Extracted records Block Start

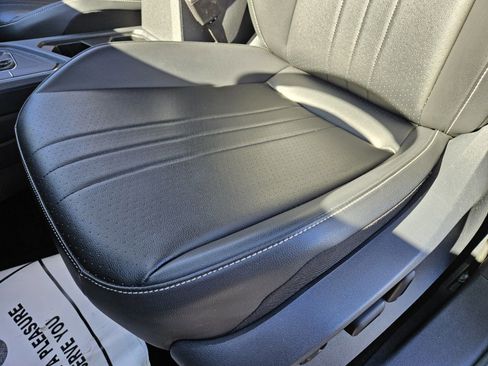 Used 2024 Volkswagen Tiguan SE image 8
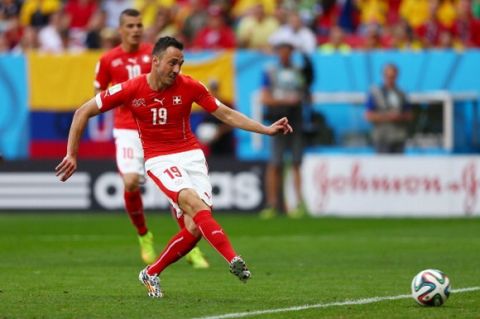BRASILIA, BRAZIL - JUNE 15: Josip Drmic of Switzerland scores a goal but is disallowed due to an offside decision during the 2014 FIFA World Cup Brazil Group E match between Switzerland and Ecuador at Estadio Nacional on June 15, 2014 in Brasilia, Brazil.  (Photo by Clive Brunskill/Getty Images)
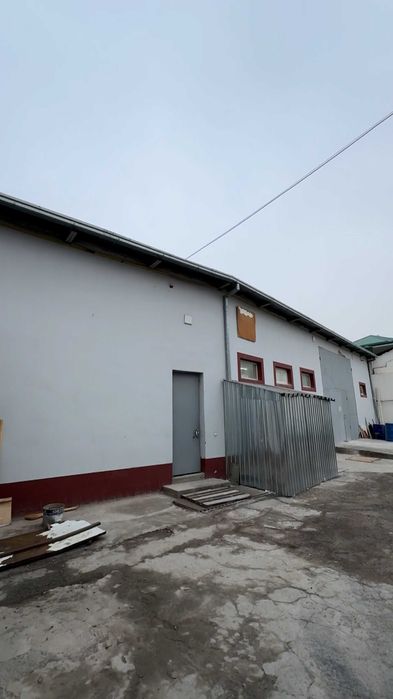 36 соток. В учтепинском районе продается здания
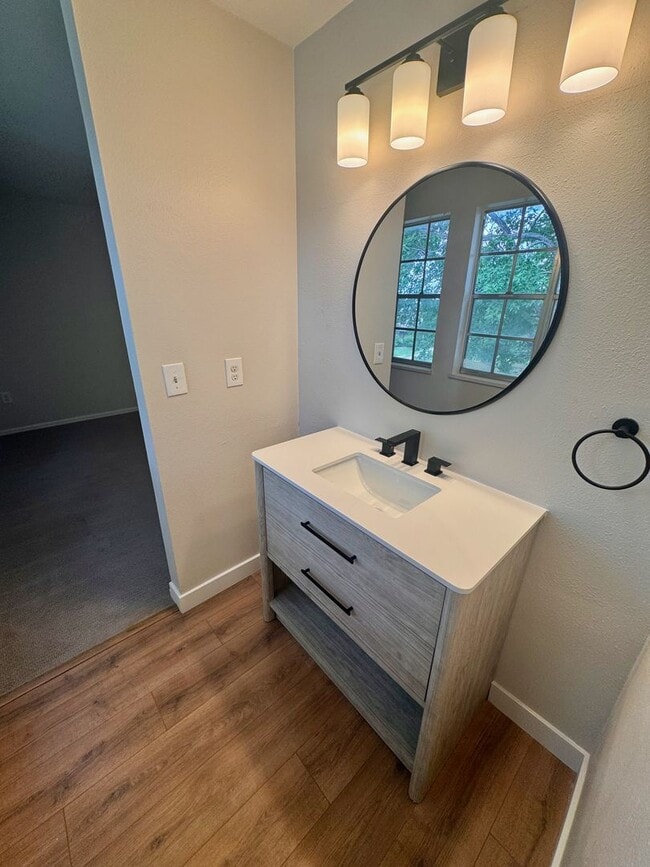 Building Photo - Beautifully Renovated Townhome in Coumbine...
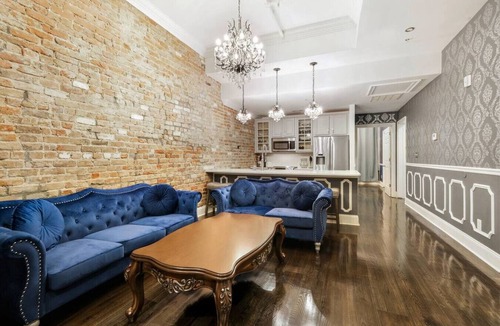 French Quarter Condo | Luxurious Downtown Condo by the French Quarter!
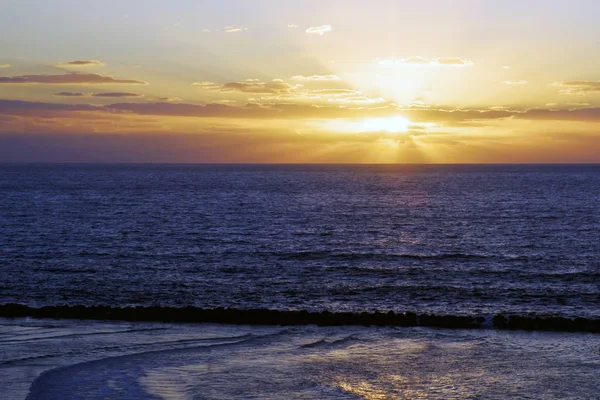 Puesta Sol Sol Mar Agua Nubes —  Fotos de Stock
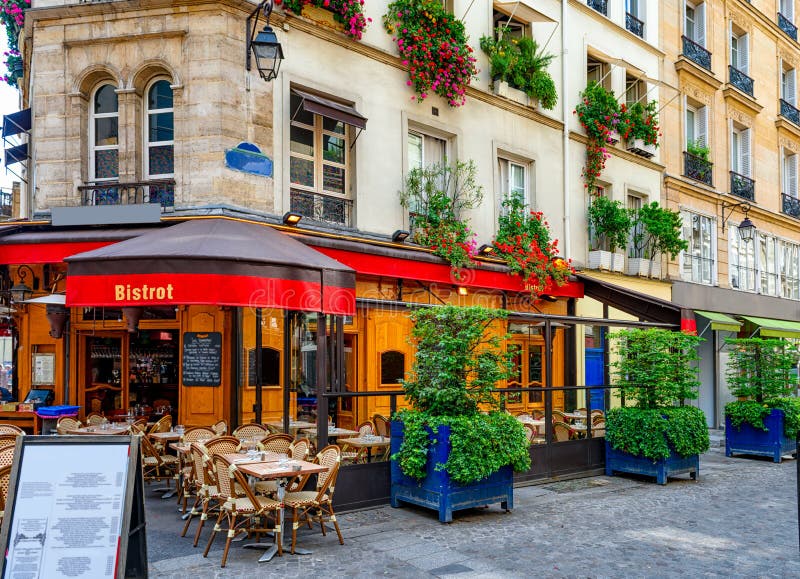 Typisk syn på den parisiska gatan med bord med kafébord i paris france. arkivfoto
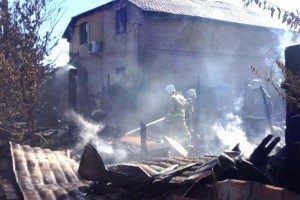 В Астраханской области сгорел жилой дом с сараем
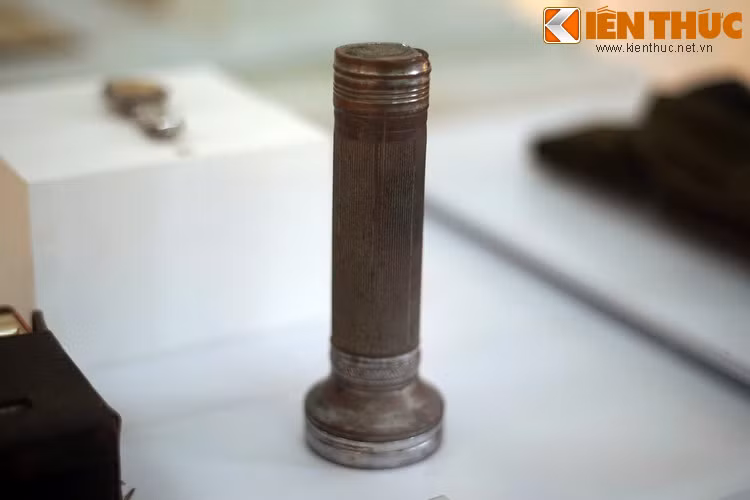 Đèn pin, bộ phận hậu cần Sư đoàn 338 cấp cho đồng chí Nguyễn Duy Tùng, chiến sĩ đi B thuộc Đoàn 101, năm 1961.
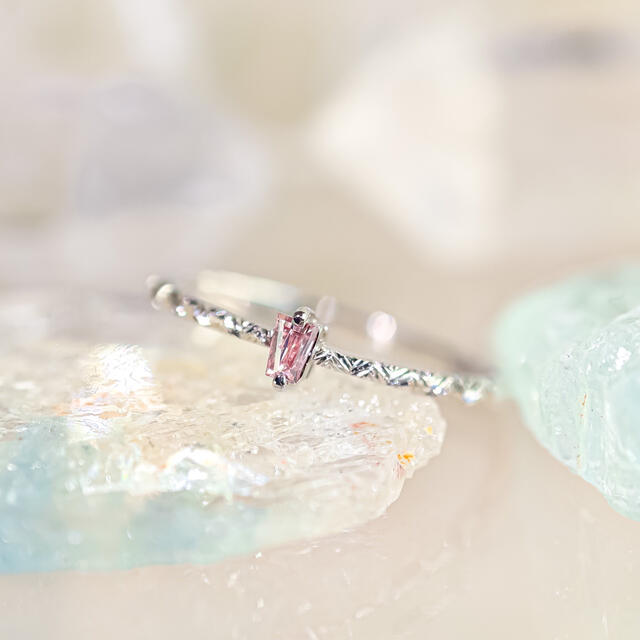 クラシック 天然ピンクダイヤモンド　切子の彫り模様の指輪 リング(指輪)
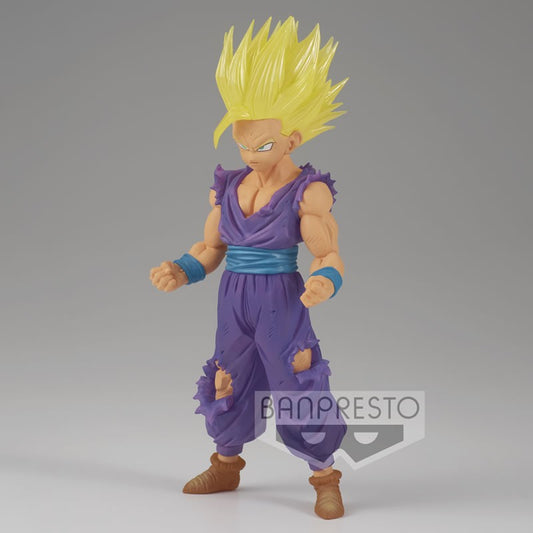 Figurine de Son Gohan Super Saiyan 2 de 15 cm de la gamme Clearise. Représentation épique avec cheveux translucides, capturant la transformation iconique et l’énergie électrisante du personnage.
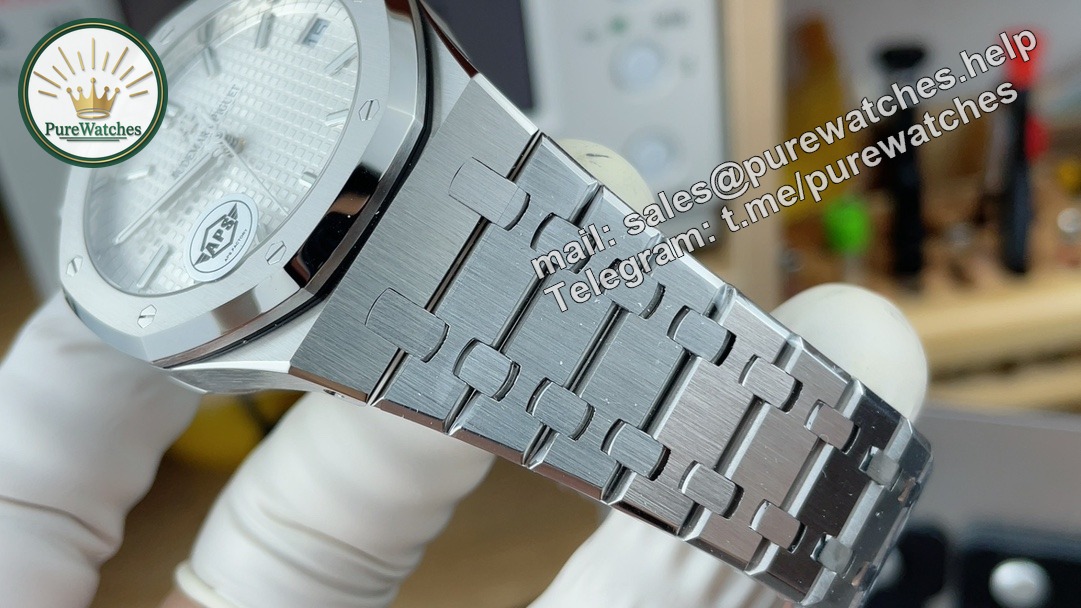 Audemars Piguet 15500 White – APS Factory Royal Oak 41mm Stainless Steel Automatic Watch - Image 7
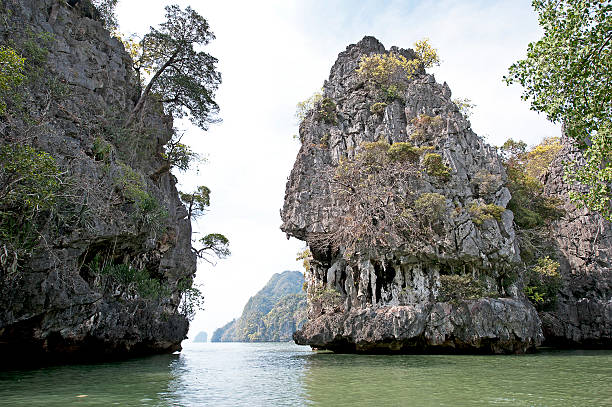 istock Dramatic coastline, Phanak Isalnd, Phang Nga Bay, Phuket, Thailand 538356738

Extracted records Block End

→ Exercise aim
Using the records above, print exactly the run of lines that starts with the line with "BRASILIA, BRAZIL - JUNE" and goes on through the line with "French Quarter Condo", pictures excluded.

→ Solved problem
BRASILIA, BRAZIL - JUNE 15: Josip Drmic of Switzerland scores a goal but is disallowed due to an offside decision during the 2014 FIFA World Cup Brazil Group E match between Switzerland and Ecuador at Estadio Nacional on June 15, 2014 in Brasilia, Brazil.  (Photo by Clive Brunskill/Getty Images)
 36 соток. В учтепинском районе продается здания
 Building Photo - Beautifully Renovated Townhome in Coumbine...
 French Quarter Condo | Luxurious Downtown Condo by the French Quarter!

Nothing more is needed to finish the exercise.